Although market fundamentals can explain changes in long run exchange rates, it is the market expectations that explain changes in short run exchange rates. It is factors such as speculative opinion about future exchange rates, rumours of political instability or uncertainty, loss of confidence in profitability of economic enterprises, real interest rate differentials, and market psychology that dictate currency movements in the short run.
Over the past twelve months, our shilling has undergone a speculative attack because of the sudden change in exchange rate expectations. Since the February general elections last year, market expectations, fed by political and economic unrest and uncertainty, have worsened speculation leading to more volatility in our financial markets.
This forced Bank of Uganda (BOU) to deplete reserves making the country more vulnerable to speculation and exchange rate overshooting. The market expectations were further worsened by Governor, Emmanuel Tumusiime-Mutebile's media utterances when he told the Financial Times of the UK that government had raided the Treasury, took off with about two months of the country's reserves to purchase fighter jets. Although Mutebile later denied having let out government secrets to the media, only novices could accept his denials.
The shilling is sinking
In his characteristic style, Mutebile told the Financial Times whatever he told them as a way of letting the blame for the deteriorating economy off his sleeves, to the attention of his "friends" at the IMF and the World Bank. Little did he know that speculators were out to take advantage of such reckless utterances and drive our shilling to a record low!
The shilling sank so low, to the gladness of the political animals that this country has bred in crowds and soon the rumour mill was running in gear number five thus, "Mutebile has resigned as BOU Governor." The social network prophets of doom took the opportunity of the resignation of the Afghanistan's Central Bank Governor at the time to get their message home. The pit in which the shilling was falling could only become deeper.
In these very pages, I wrote asking, "Who of the two -- Government and Bank of Uganda -- should we blame for our worsening economic situation?" The BOU's continued claim that it had done enough to keep inflation under check, implied that it was government's fiscal policy that was letting the economy down.
Nevertheless inflation and exchange rate depreciation recently peaked and started to lessen. Then the Basajjabalaba saga came up and once again, our central bank Governor was in the press for the wrong reasons.
No longer the super Governor
Parliament has been consistent in demanding for his resignation for his role in the Basajjabalaba saga. Mutebile, typical of him, faced the cameras and roared, "Only God can take me out of this chair." He went ahead to asked the market players to ignore "the ramblings in Parliament" because "I am here to stay." Indeed after a heated debate in Parliament, the votes were cast and Mutebile was saved by a visibly divided legislature.

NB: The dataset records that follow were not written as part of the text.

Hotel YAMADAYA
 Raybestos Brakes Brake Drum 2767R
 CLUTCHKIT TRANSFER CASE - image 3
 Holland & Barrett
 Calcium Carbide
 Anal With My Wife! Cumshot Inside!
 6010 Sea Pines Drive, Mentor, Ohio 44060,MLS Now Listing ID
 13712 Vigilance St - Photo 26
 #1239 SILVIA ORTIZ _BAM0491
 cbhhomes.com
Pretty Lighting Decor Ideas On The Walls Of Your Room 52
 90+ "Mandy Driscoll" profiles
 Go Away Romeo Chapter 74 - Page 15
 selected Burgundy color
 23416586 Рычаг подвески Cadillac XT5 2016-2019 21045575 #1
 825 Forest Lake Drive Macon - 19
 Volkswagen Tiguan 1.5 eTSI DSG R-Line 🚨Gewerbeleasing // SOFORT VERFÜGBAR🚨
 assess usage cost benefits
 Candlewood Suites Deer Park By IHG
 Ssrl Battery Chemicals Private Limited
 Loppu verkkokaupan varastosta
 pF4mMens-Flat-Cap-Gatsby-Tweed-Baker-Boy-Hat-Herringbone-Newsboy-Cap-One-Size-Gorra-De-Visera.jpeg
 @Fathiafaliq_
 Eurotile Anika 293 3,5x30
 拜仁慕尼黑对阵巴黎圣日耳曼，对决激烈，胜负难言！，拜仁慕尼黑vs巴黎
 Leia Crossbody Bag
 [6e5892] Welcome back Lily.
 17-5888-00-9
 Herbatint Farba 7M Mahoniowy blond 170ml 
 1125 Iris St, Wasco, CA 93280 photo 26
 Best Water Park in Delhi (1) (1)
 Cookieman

Well, cabinet may have succeeded in defending the Governor but will the market ever trust him again? We all know that the position of Governor is critical as far as the health of the macroeconomy of any country is concerned.
Mutebile has been a very successful Governor in the last decade mainly because everyone, literary everyone - from the executive to parliament to the general public and the development partners - had confidence in him. He has been a super Governor. Can he still enjoy this confidence?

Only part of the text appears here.